My first book, School, Society, and State: A New Education to Govern Modern America, 1890-1940 (University of Chicago Press, 2012) explores the connections between public school reform and American political development in the early twentieth century. It explores how an array of reformers across the nation, working from the top down and bottom up in ways both planned and improvised, expanded the reach of public schools, broadened their aims and activities, rationalized their organization and governance, strengthened state government oversight, developed a national policy conversation, and expanded public authority and oversight over children. In the process they expanded the institutions and authority of government into the everyday lives of children and families, developed a de facto national education system despite decentralized legal control, and positioned schools as social welfare institutions that would safeguard opportunity and provide for the welfare of citizens in an era of deepening economic inequality and instability. The book thus "brings the state back in" to the history of education and brings schools back in our discussions of state power during a pivotal moment in American political development.

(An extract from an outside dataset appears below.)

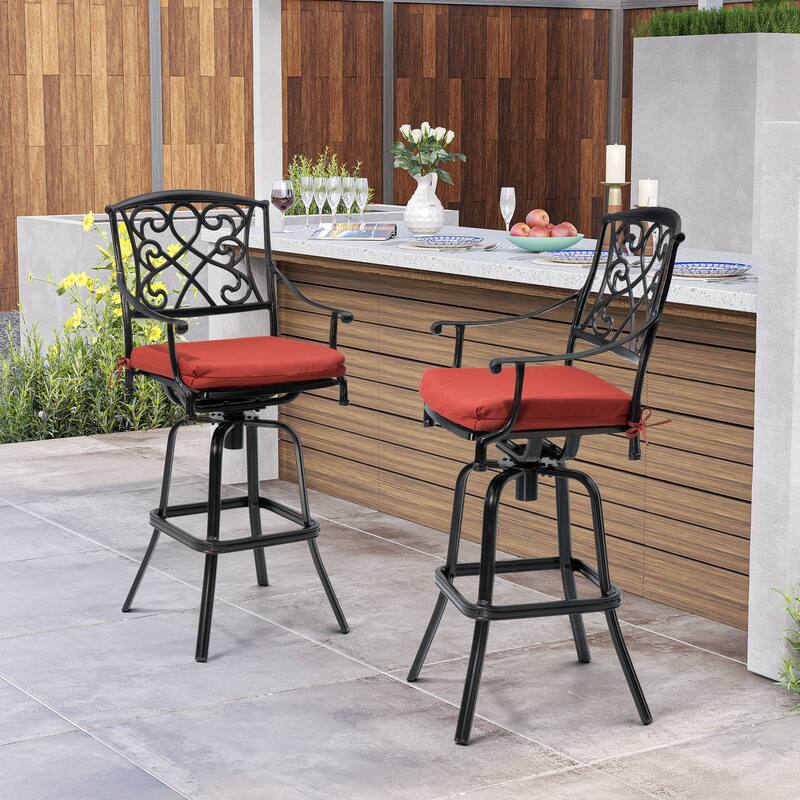 Pellebant Patio Aluminum Swivel Bar Stool with Sunbrella Cushion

I am currently at work on two new book projects. The first, tentatively titled A Reversal of Fortunes: City Schools and Suburban Schools in Metropolitan Chicago, 1945-2000, explores connections between public schooling and uneven metropolitan development. It asks how state policies, including funding formulas and aid, regulatory policies, and rules about district formation and governance, structured unequal schooling in metropolitan Chicago and considers how educational inequality shaped and deepened other forms of spatial and social inequality in postwar America. In addition, I am beginning a new collaboration on educational measurement, including the testing of students and assessment of school quality, to explore how historical and philosophical approaches can offer perspective on our current assessment regime.
Awards
Teagle-Sheridan Center Fellowship, Brown University, 2012-2013
National Forum on the Future of Liberal Education Fellow, 2009-2012
National Academy of Education/Spencer Postdoctoral Fellowship, 2010-2011
American Academy of Arts and Sciences Visiting Scholar, 2010-2011
Finalist, Spencer Foundation Exemplary Dissertation Award, 2009
Harry Barnard Dissertation Year History Fellowship, University of Chicago, 2005-2006 (declined)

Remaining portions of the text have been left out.